Where is the Healthcare System Leading us? A Reflection of Healthcare in the U.S. and China

Carol Xie


Healthcare is a question that concerns every person on the planet; as life expectancy increases and medical care advances, we have higher expectations for the quality and availability of our healthcare. However, global healthcare resources are scarce, and it is difficult to grant affordability, quality, and availability to everyone. It is noteworthy to analyze the healthcare systems in different nations and understand the historical backgrounds that lead healthcare systems to their current state, both successes and failures. In this article, I will compare the healthcare structure and regulations of the United States of America and China, and evaluate the future of healthcare in these two countries.

The insurance-based healthcare system was not introduced until the end of the 19th Century, when Germany launched the first national health insurance in 1883. Since the 1930s, insurance companies prevailed in the United States to cover healthcare expenses for the general public, especially through employee-benefit plans. Since then, the financial structure of American healthcare has been based on employee or private insurance that reimburses people finding care in the privatized healthcare market. Such a system bridges the capitalist healthcare-provider market and the care-seeking public, but it produces increased inefficiency as private medical corporations negotiate with the insurance company.

In contrast, the People’s Republic of China started with a completely socialized healthcare system as everyone was employed by the state and enjoyed health benefits. Nowadays, the government still oversees its citizens’ healthcare, but privatization of medical services is more prevalent since the economic reform of 1978. Still, 95% of the population is covered by state-controlled insurance, which is funded through a portion of personal monthly income and employer contribution in a ratio of 1:2. However, while China’s state-run insurance system covers a much larger population, the patient responsibility is an average of 30% (compared to 10-20% rate in the U.S.). The Chinese healthcare system uses the Hukou system ( where one can only receive coverage in the city where they are registered as residents) which creates a problem of unequal coverage between poorer rural versus coastal areas (which have the best healthcare resources in China). In America, the same problem of geographic inequality of healthcare is also relevant, but it is easier for Americans to access nearby medical services (provided that they can afford transportation).

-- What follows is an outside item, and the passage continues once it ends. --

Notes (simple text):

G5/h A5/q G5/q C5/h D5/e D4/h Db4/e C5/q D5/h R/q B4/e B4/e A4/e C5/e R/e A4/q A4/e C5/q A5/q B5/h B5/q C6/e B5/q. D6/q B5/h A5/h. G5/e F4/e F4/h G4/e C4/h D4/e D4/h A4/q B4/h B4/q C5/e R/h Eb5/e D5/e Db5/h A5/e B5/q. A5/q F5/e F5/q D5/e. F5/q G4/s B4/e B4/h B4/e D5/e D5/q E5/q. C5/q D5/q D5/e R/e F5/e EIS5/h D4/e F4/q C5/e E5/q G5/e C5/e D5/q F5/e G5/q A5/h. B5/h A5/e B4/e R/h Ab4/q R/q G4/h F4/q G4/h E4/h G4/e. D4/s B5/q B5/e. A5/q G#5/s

Aside from the apparent structural differences, the healthcare systems in United States and China also have a cultural difference -- liability regulations and legal support. Healthcare regulations  for American medical facilities and practitioners use hundreds and hundreds of pages to define details from the medical consent of minors to the conditions that justify medical malpractice. With clear medical regulations and legal details for medical professionals and patients, patients can easily find support and sue the facilities if they sense improper practice. But, these overly-detailed regulations also increase the cost of healthcare, as doctors have to purchase malpractice insurances and more procedures need to be accounted for to ensure all rules are followed. The accessibility of care can also decrease as more paperwork is needed before an urgent case can be seen, and minors must have parents to accompany them and multiple consents to visit or even contact the doctors. The liability rules for the medical facilities also limit minors’ accessibility to specialist clinics, and it is generally slow for medical facilities to ensure all liabilities are considered.

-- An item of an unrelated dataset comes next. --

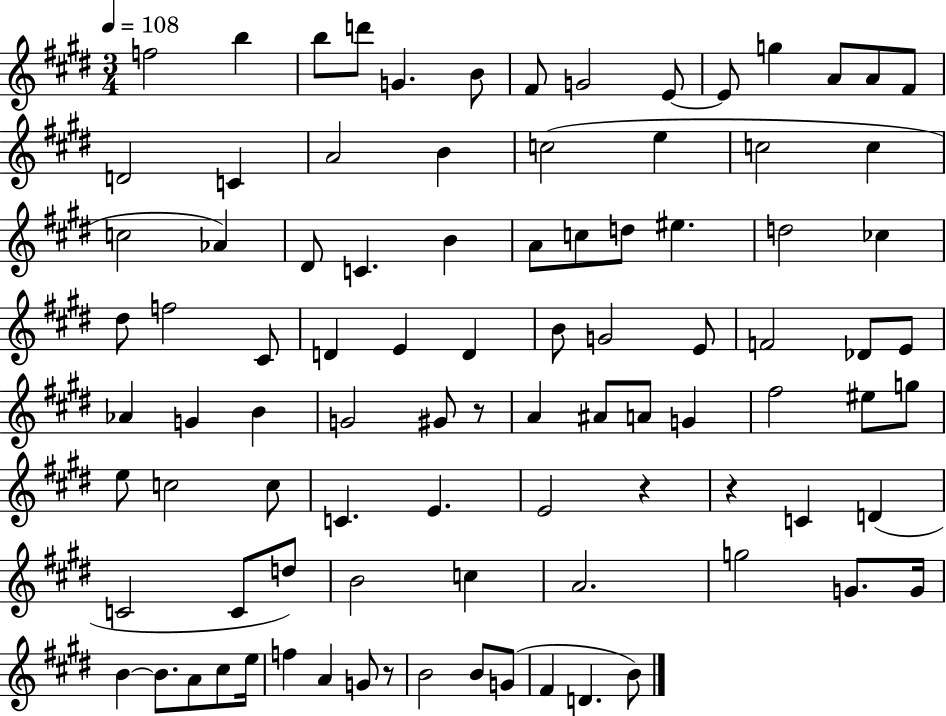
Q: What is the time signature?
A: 3/4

On the other hand, Chinese society functions mainly with social sanction instead of legal rules, and the healthcare regulations are less defined. For example, minors rarely run into the problem of finding medical service alone and the wait-time for paperwork is minimal. The doctors are employed as a part of the hospital, and hence the liability and malpractice cases rarely apply to individual doctors. The state-defined laws give the state-controlled hospital more legal freedom so as to maximize efficiency with the limited medical resources. However, because of the lack of legal support in China, malpractice and harm inflicted by medical professionals on patients or their families is quite common in hospitals. Patients feel lack of power in malpractice cases, and find no legal recourse to resolve their pain.

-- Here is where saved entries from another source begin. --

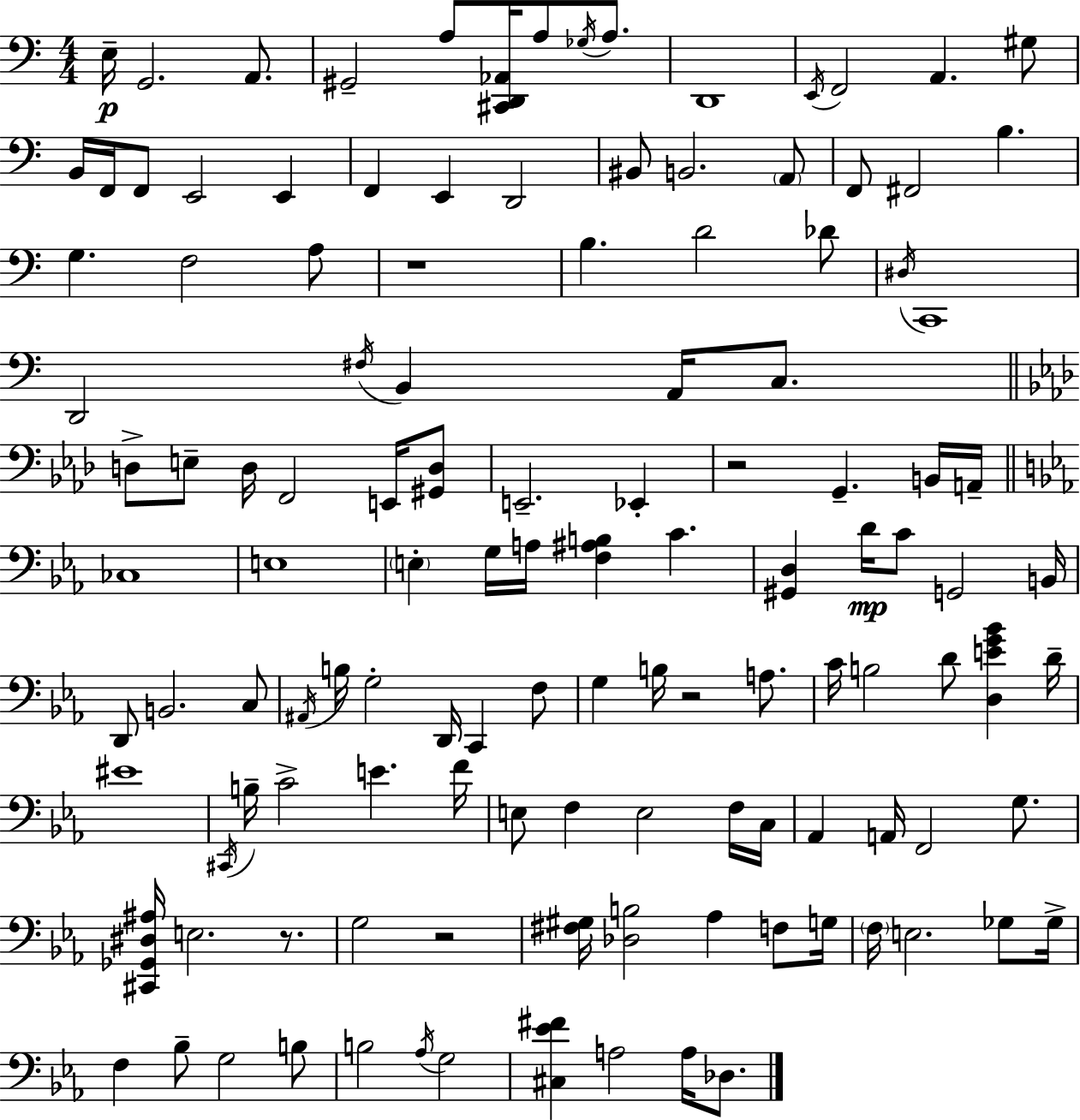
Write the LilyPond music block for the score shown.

{
  \clef bass
  \numericTimeSignature
  \time 4/4
  \key a \minor
  \repeat volta 2 { e16--\p g,2. a,8. | gis,2-- a8 <cis, d, aes,>16 a8 \acciaccatura { ges16 } a8. | d,1 | \acciaccatura { e,16 } f,2 a,4. | \break gis8 b,16 f,16 f,8 e,2 e,4 | f,4 e,4 d,2 | bis,8 b,2. | \parenthesize a,8 f,8 fis,2 b4. | \break g4. f2 | a8 r1 | b4. d'2 | des'8 \acciaccatura { dis16 } c,1 | \break d,2 \acciaccatura { fis16 } b,4 | a,16 c8. \bar "||" \break \key aes \major d8-> e8-- d16 f,2 e,16 <gis, d>8 | e,2.-- ees,4-. | r2 g,4.-- b,16 a,16-- | \bar "||" \break \key ees \major ces1 | e1 | \parenthesize e4-. g16 a16 <f ais b>4 c'4. | <gis, d>4 d'16\mp c'8 g,2 b,16 | \break d,8 b,2. c8 | \acciaccatura { ais,16 } b16 g2-. d,16 c,4 f8 | g4 b16 r2 a8. | c'16 b2 d'8 <d e' g' bes'>4 | \break d'16-- eis'1 | \acciaccatura { cis,16 } b16-- c'2-> e'4. | f'16 e8 f4 e2 | f16 c16 aes,4 a,16 f,2 g8. | \break <cis, ges, dis ais>16 e2. r8. | g2 r2 | <fis gis>16 <des b>2 aes4 f8 | g16 \parenthesize f16 e2. ges8 | \break ges16-> f4 bes8-- g2 | b8 b2 \acciaccatura { aes16 } g2 | <cis ees' fis'>4 a2 a16 | des8. } \bar "|."
}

As we can see, both healthcare systems offer different insights into the efficiency, affordability and accessibility of healthcare, and neither of them are near optimal. In the United States, each state is refining healthcare regulations to ensure accessibility and accountability of medical professionals, and the potential future is an optimized compromise of the three main goals. At the same time, the fast-evolving society in China is proposing a bolder possible future for healthcare. As medical resources are more scarce compared to the growing population, China is facing an urgent problem of aging as well as insufficient healthcare for all of its economic classes. Several technology and innovation teams are actively pursuing options like using artificial intelligence to train digital doctors to diagnose common ailments such like a flu or thyroid disorder, and the public is also passionate in trying to find more efficient ways to improve China’s healthcare system. If new innovations prove efficient, the government or private healthcare companies might adopt a new structure that will totally change the future of healthcare. Either a more comprehensive healthcare plan, or a revolutionary healthcare structure -- either way, we are up to see the change in the healthcare landscape in the near future as we take an international perspective.